Costume-clad participants from the Santa Clarita Valley, the Antelope Valley and Los Angeles expressed their opinions on federal tax reform, women’s equality, health care and immigration outside of Congressman Steve Knight’s local office Tuesday.
A man in an onion costume had a poster that read “Knight’s votes makes me cry” and a woman dressed as Minnie Mouse held a sign that said, “Steve Knight stop mousing around.”
Donning a bonnet and cloak like a character from The Handmaid’s Tale, longtime Santa Clarita resident Nanette Meister said she wanted to demonstrate that women should not be silenced and have a right to birth control and maternity leave.
“I see things going backwards,” Meister said. “I don’t want these things for my grandkids. I want to move forward.”
Motivated to protest after hearing White House Chief of Staff John F. Kelly’s comments on Monday calling Robert E. Lee “an honorable man,” SCV resident Sue Silwester-Rice held a sign condemning slavery.
“I read (Kelly’s comments) and was so mad,” Silwester-Rice said. “The whole thing is wrong. I still have to decorate my yard for Halloween, but being here is more important and the kids will understand.”
There are two times in Saugus resident Jocelyn Bullock’s life that she has been politically-motivated.
First was in the Philippines when residents ousted President Ferdinand Marcos and the second is now under President Donald Trump.
“There are a lot of parallelisms,” Bullock said about the presidents.
She was spurred to action when Republicans tried to pass a new health care plan because her husband has pulmonary fibrosis.

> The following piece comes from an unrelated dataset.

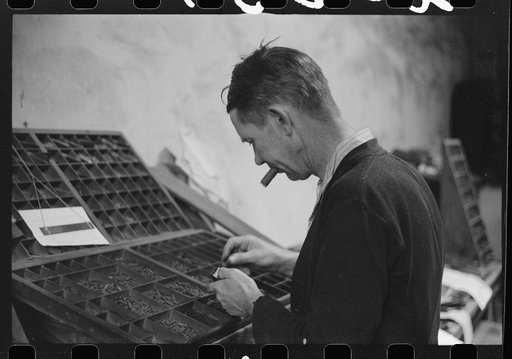 Untitled photo, possibly related to: Setting type in the local newspaper office in Franklin, Heard County, Georgia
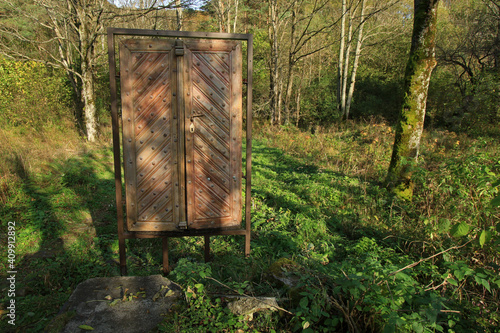 Old wooden door from  non-existent orthodox church in Jaworzec - former and abandoned village in Bieszczady Mountains, Poland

“Now it’s personal because it is affecting my family,” she said.
Executive Board Member of the Local 721 Service Employees International Union Adolfo Granados said he was concerned with the tax cuts to food stamps and the rescinding of Deferred Action for Childhood Arrivals.
Granados works for the Department of Public Social Services and said these issues affect the people who come into his office each day.
“Anyone who works 40 hours a week should not be coming into my office because they cannot afford food,” Granados said. “The difference of $5 or $10 is huge for them.”